Task prompt. Once you reach the line with "There will be", copy it and every line after it exactly, up to the end of the data. Omit the pictures.

*** Provided material ***

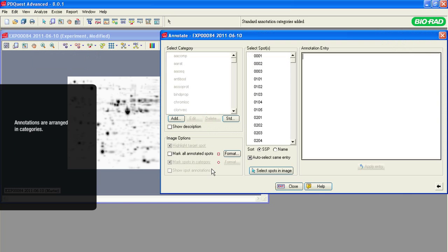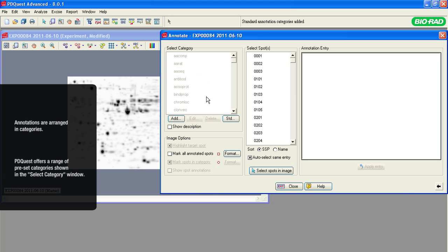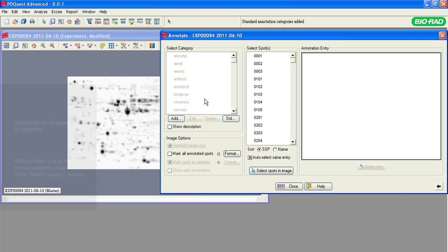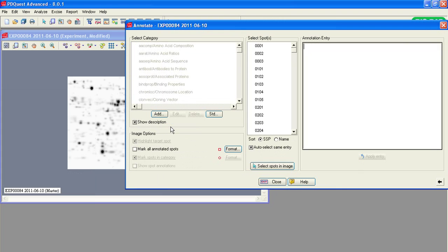Annotations are organized in categories. PDQuest software offers a range of preset categories. You can see the abbreviations for these categories in the Select Category window. Click the Show Description button to see the full name.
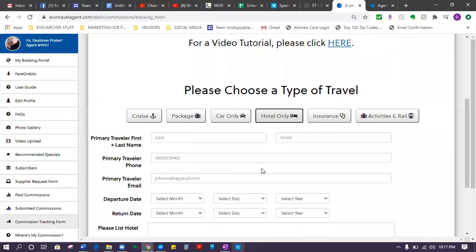There will be a video in your welcome packet that will show you how to make commission on flights. That will show you - we have a little trick that we do to get paid for just booking flights. So that video will tell you all about that.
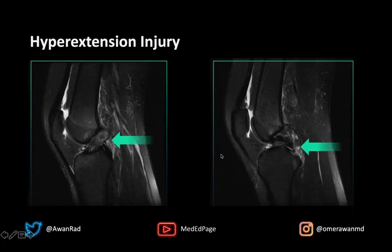Along the PCL there's a frank tear distally. Notice that we lose the dark contour of the ligament. Remember, ligaments are always dark on all MRI sequences, and we lose the contour of this curvilinear ligament more distally before it attaches to the tibia. So there's definitely a frank PCL tear here and at least a sprain and partial tear of the ACL on this image.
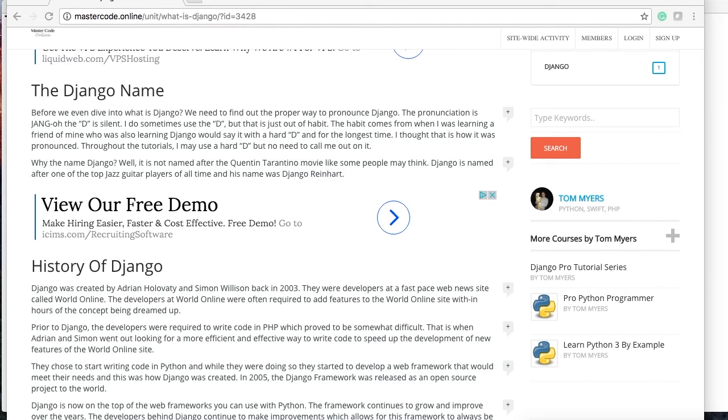So what I mean by don't repeat yourself is there's packages out there for Django. If you want to create something for your site, then you probably should go look for the package first because someone prior created it.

*** End of Provided material ***

Task result.
There will be a video in your welcome packet that will show you how to make commission on flights. That will show you - we have a little trick that we do to get paid for just booking flights. So that video will tell you all about that.
Along the PCL there's a frank tear distally. Notice that we lose the dark contour of the ligament. Remember, ligaments are always dark on all MRI sequences, and we lose the contour of this curvilinear ligament more distally before it attaches to the tibia. So there's definitely a frank PCL tear here and at least a sprain and partial tear of the ACL on this image.
So what I mean by don't repeat yourself is there's packages out there for Django. If you want to create something for your site, then you probably should go look for the package first because someone prior created it.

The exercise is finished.